Republican risk: alienating voters concerned about global warming.
- Sonia Sotomayor. Nine Republicans voted for her confirmation Thursday but 31 voted no. Sen. Jeff Sessions of Alabama, the Judiciary Committee's top Republican, charged just before the vote that Sotomayor "has bluntly advocated a judicial philosophy where judges ground their decisions not in the objective rule of the law, but in the subjective realm of personal opinions, sympathies and prejudices.''
Republican risk: alienating Hispanics, the nation's fastest-growing voter bloc, by opposing the first Hispanic justice on the Supreme Court.
- Cash for clunkers. Thirty-five Senate Republicans voted against adding $2 billion to the popular program, which won approval Thursday 60-37. Sen. John McCain, R-Ariz., mocked the plan during debate, saying sarcastically that he hoped a cash-for-golf-clubs plan was next.
"I've had many calls from people who have old golf clubs," he said in a Senate floor speech, "and they'd like to have some cash for them. As we know, it's an important national sport and an important part of our economy."
Republican risk: Alienating Americans who see this as the one stimulus program from Washington that steers money to ordinary people instead of to banks and Wall Street.

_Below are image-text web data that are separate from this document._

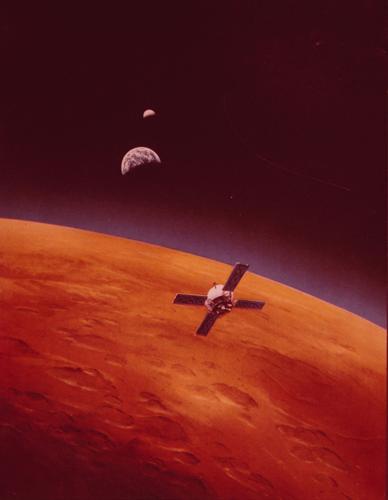 امروز در فضا: مارینر ۹ تبدیل به اولین فضاپیمایی شد که به مدار مریخ رسید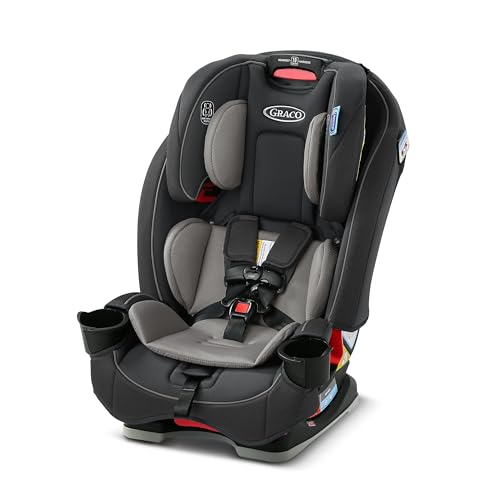 Graco Slimfit 3 in 1 Convertible Car Seat Slim & Comfy Design Saves Space in Your Back Seat, Redmond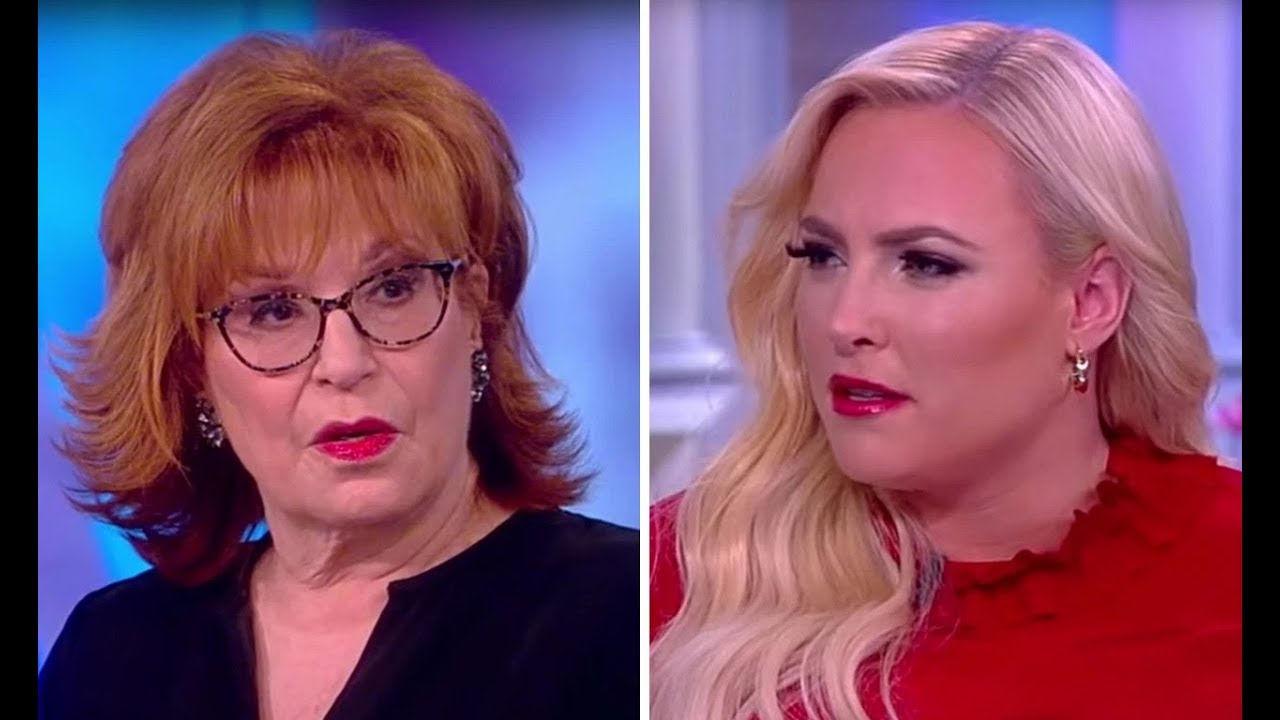 Meghan McCain & Joy Behar Clash On The View - YouTube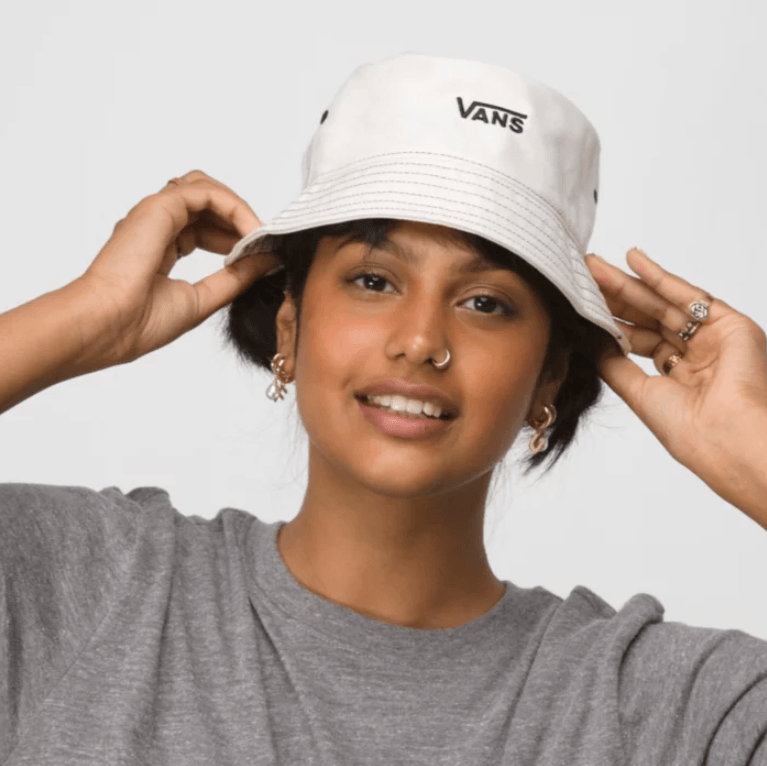 VANS Hankley Bucket Hat Women's Marshmallow Women's Hats Vans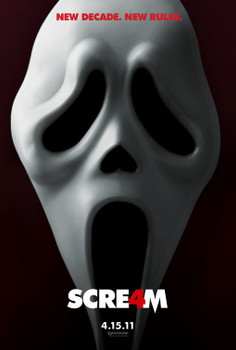 SCREAM 4 Poster SCREAM 4 Poster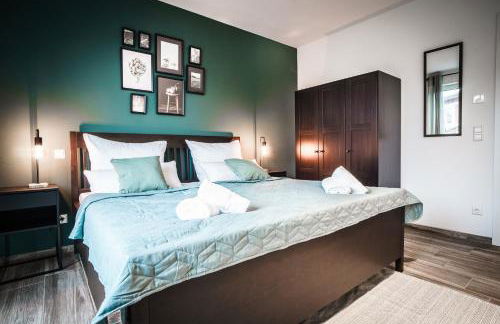 O24 Neu I Zentral I Parkplatz I Fahrstuhl I Design I King I Küche - Foto 1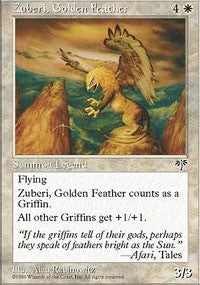 Zuberi, Golden Feather [Mirage] | Gaming Infinity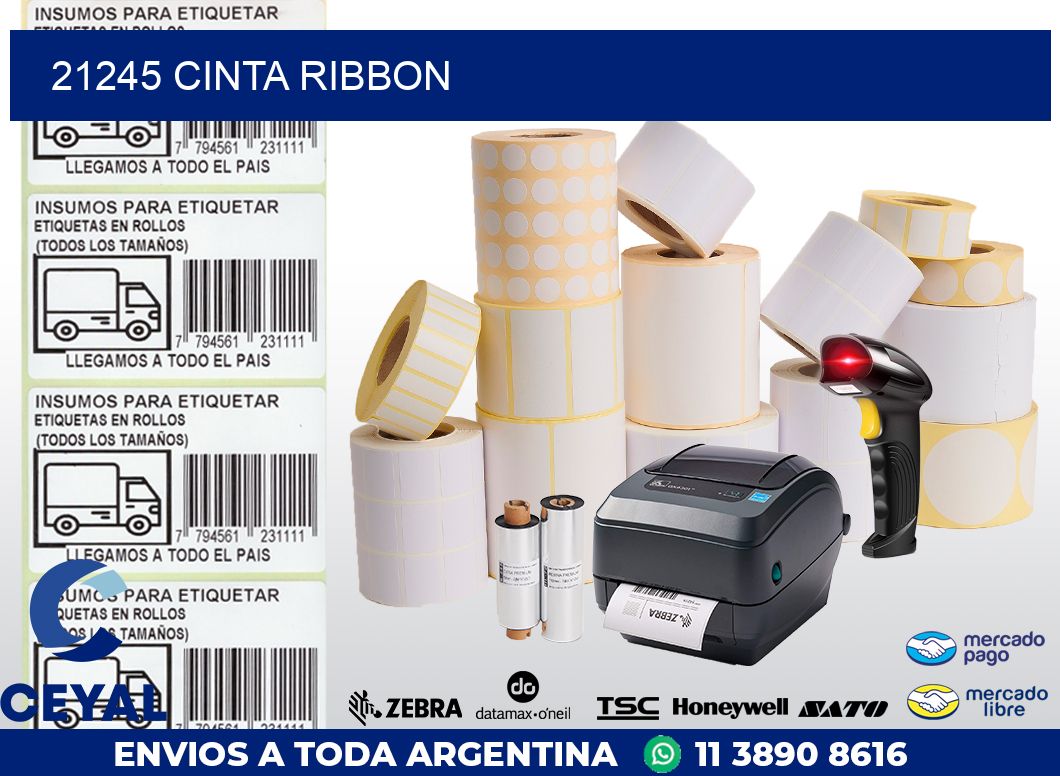 21245 CINTA RIBBON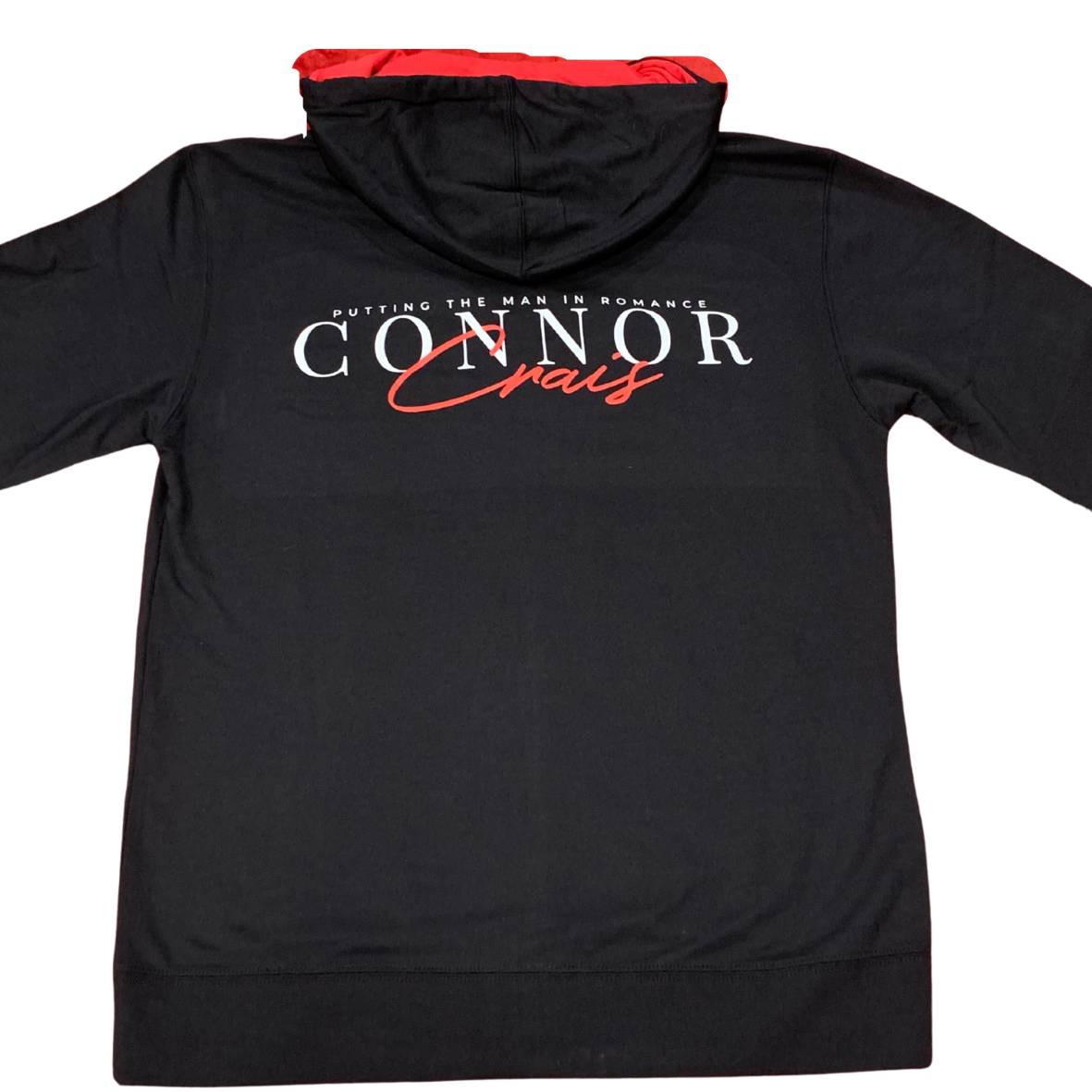 Connor Crais Swag Pack - Full Zip Hoodie & LIMITED EDITION Travel Bag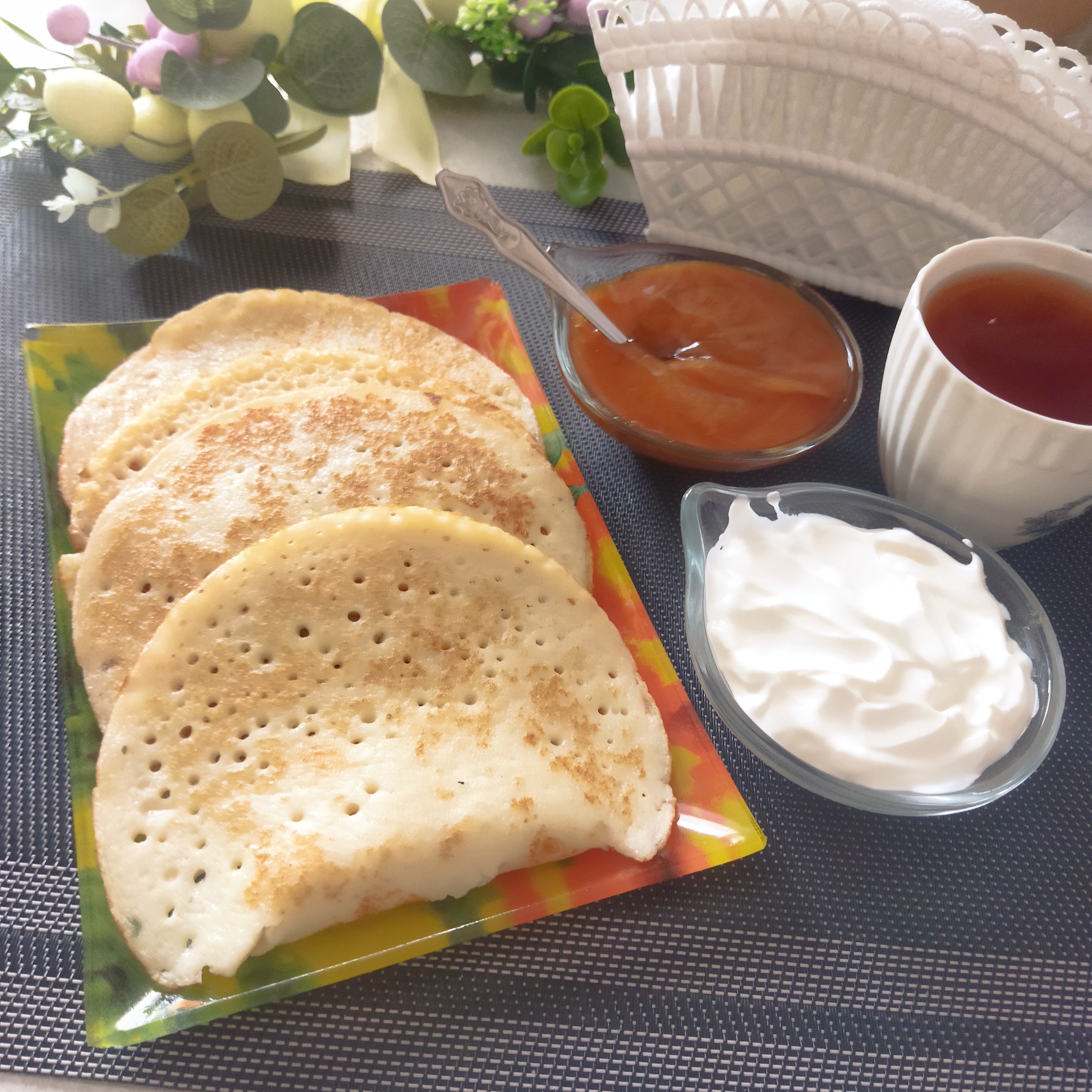 Блины Марокканские Багрир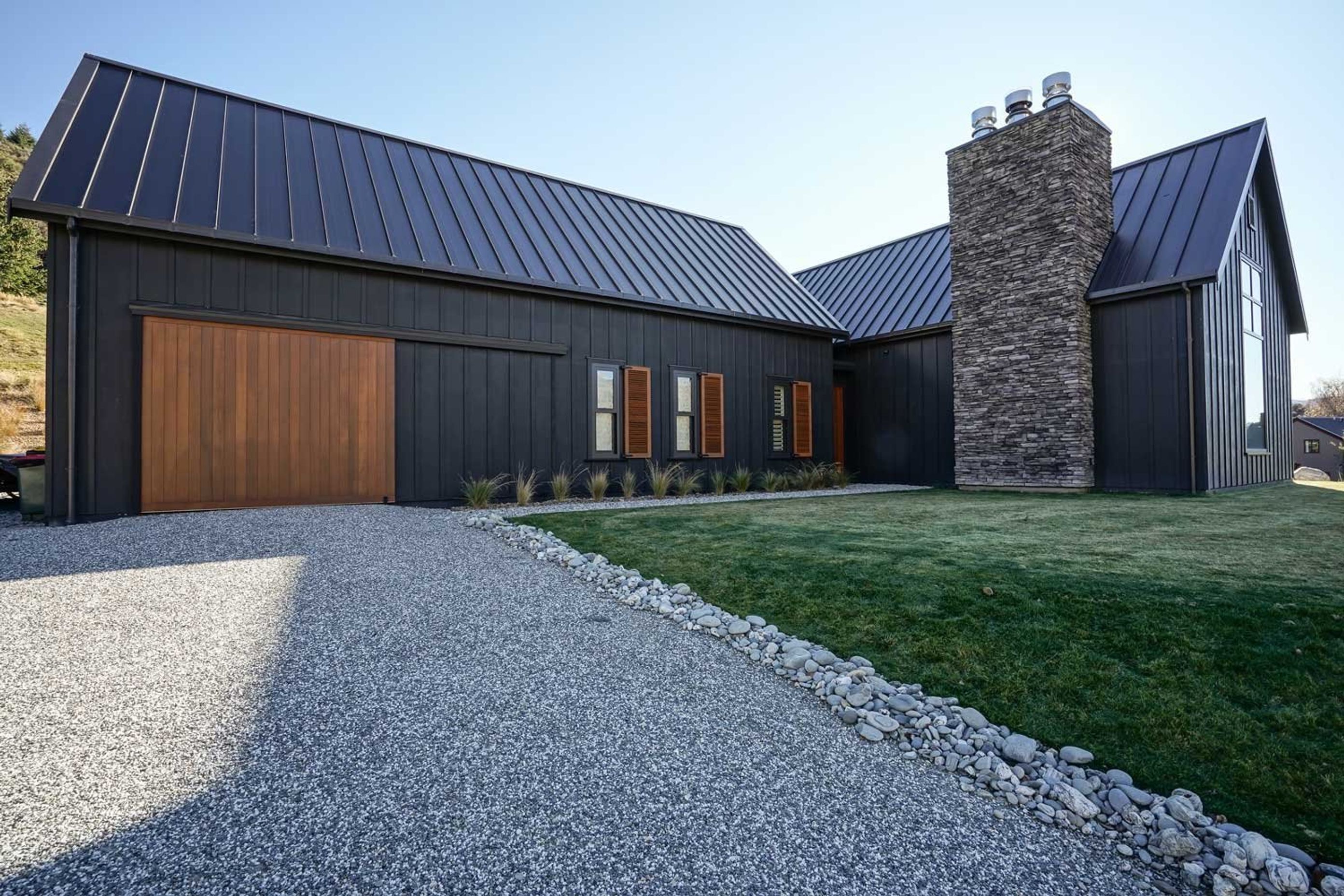 Two Barns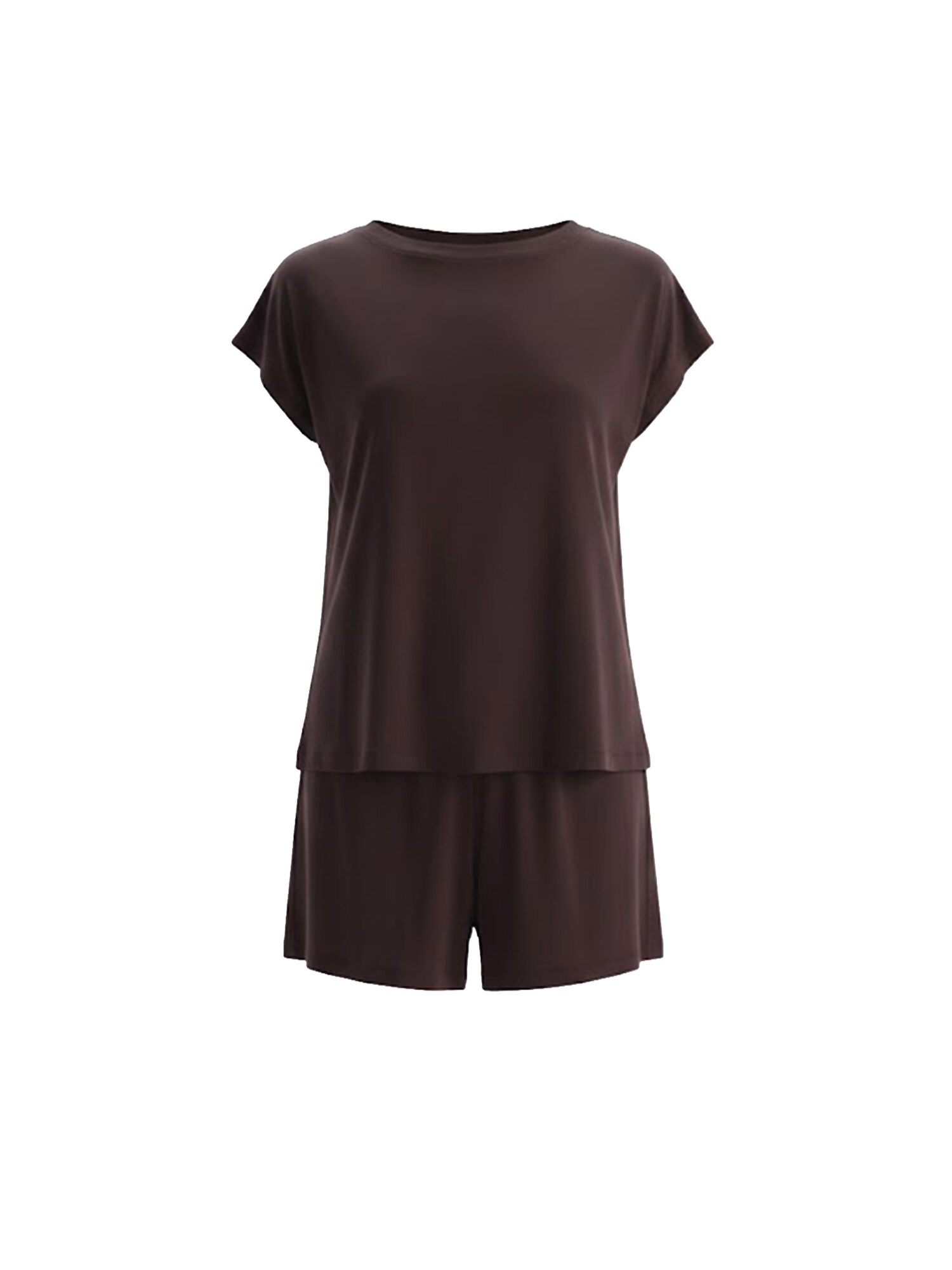 Dagi Pijama  marrón oscuro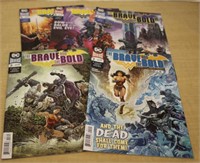 SELECTION OF THE BRAVE & THE BOLD MINI SERIES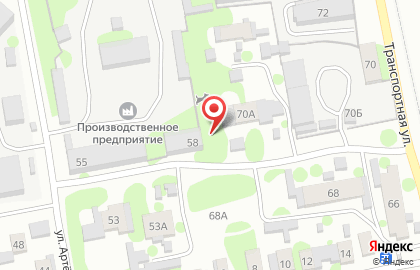 ООО Рус-Глонасс на улице Артёма на карте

Steele said that his party's strategy went beyond trying to wound Democrats. "We can't just go out and jump up and scream and say look how bad everything is," he said. In addition, he said, Republicans should explain their principles of less government, lower taxes and conservative social values.
That's not what America's hearing, however, and simply bashing the governing party is a risky strategy, Witt said.
Suppose the economy rebounds? What if a health care overhaul proves popular? What will Republicans do then?, Witt wondered.
"You can't oppose success," he said.